Posted: Fri May 14, 2010 12:53 pm
by lokeshmf
We need to convert docx to PDF using java and open office.

And more over we are not allowed to use any other converters or PDF printers.

Re: [Solved] Batch conversion of .docx to PDF

Posted: Sat Nov 03, 2012 6:52 am
by DPell
Actually the same site, artofsolving, has another alternative tool to the java-based JOD that is Python based -- pyodconverter -- [http://www.artofsolving.com/opensource/pyodconverter]. It works with OpenOffice and LibreOffice and looks like it may still be an active project [https://github.com/mirkonasato/pyodconverter]. I was happy to see a Python and LibreOffice based option as these are my preferred tools / products. LibreO has better support of doc standards and interoperability.

Re: [Solved] Batch conversion of .docx to PDF

Posted: Sat Nov 03, 2012 9:44 am
by DPell
Additionall information for PyODConverter (from the ReadMe):

PyODConverter (for Python OpenDocument Converter) is a Python script that automates office document conversions from the command line using LibreOffice or OpenOffice.org.

The script was written as a simpler alternative to JODConverter for command line usage.
Usage

PyODConverter requires LibreOffice/OpenOffice.org to be running as a service and listening on port (by default) 2002; this can be achieved e.g. by starting it from the command line as

$ soffice "-accept=socket,port=2002;urp;"
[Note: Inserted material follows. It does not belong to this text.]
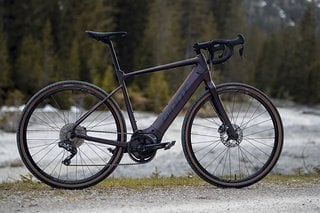 MY22 Giant Revolt E+ 2022 – E-Gravel-Bike mit starkem Motor und SmartAssist-Motorunterstützung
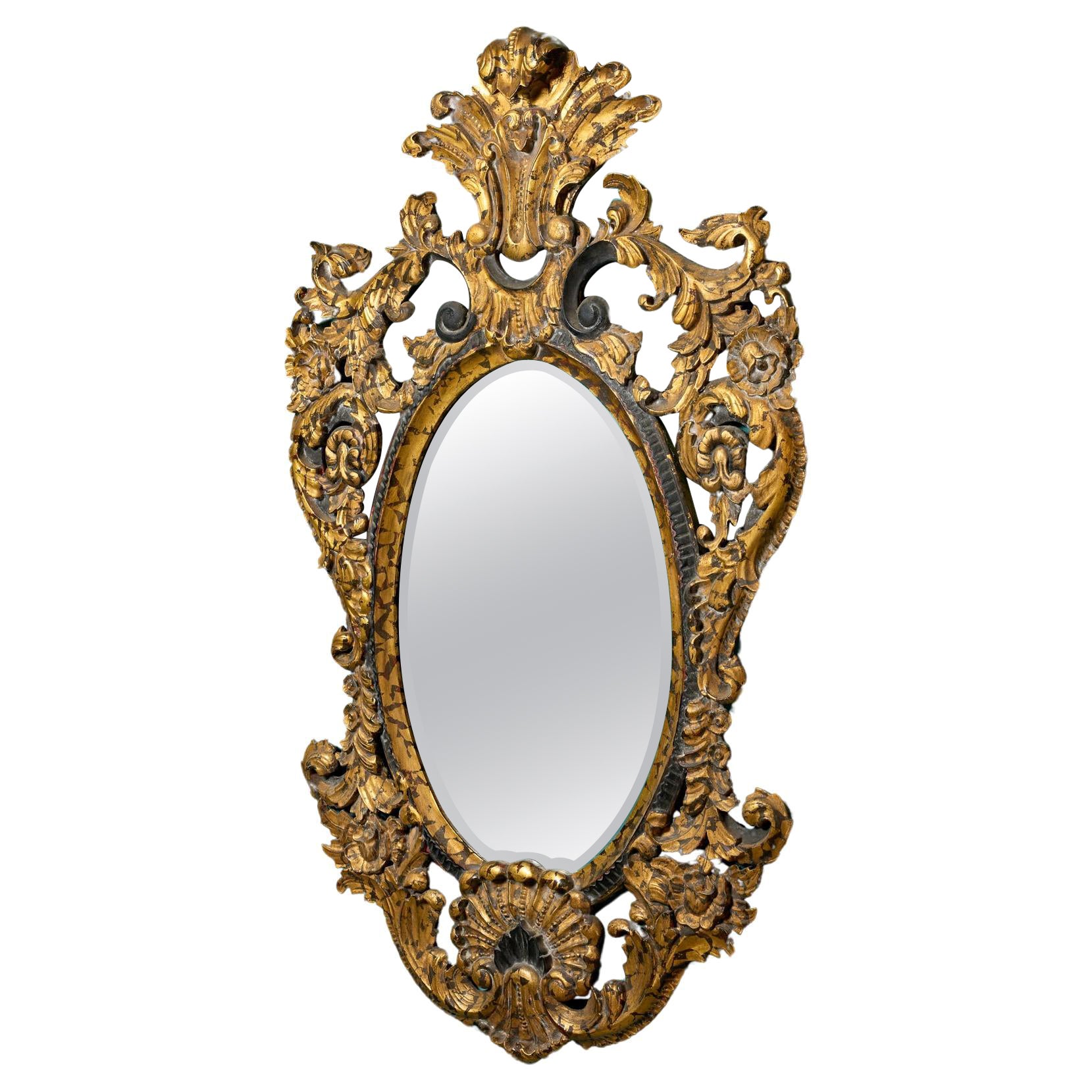 Miroir mural ovale de style rococo français à parcellaire doré en vente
The script expects exactly 2 parameters: an input and an output file names. The document formats are inferred from the file extensions.

Since it uses the Python/UNO bridge, the script requires the UNO modules to be already present in your Python installation. Most of the time this means you need to use the Python version installed with OpenOffice.org, e.g. on Windows

> "C:\Program Files\OpenOffice.org 3.1\program\python" DocumentConverter.py test.odt test.pdf

or on Linux

$ /opt/openoffice.org3.1/program/python DocumentConverter.py test.odt test.pdf

If you want to write your own scripts in Python, PyODConverter can also act as a Python module, exporting a DocumentConverter class with a very simple API.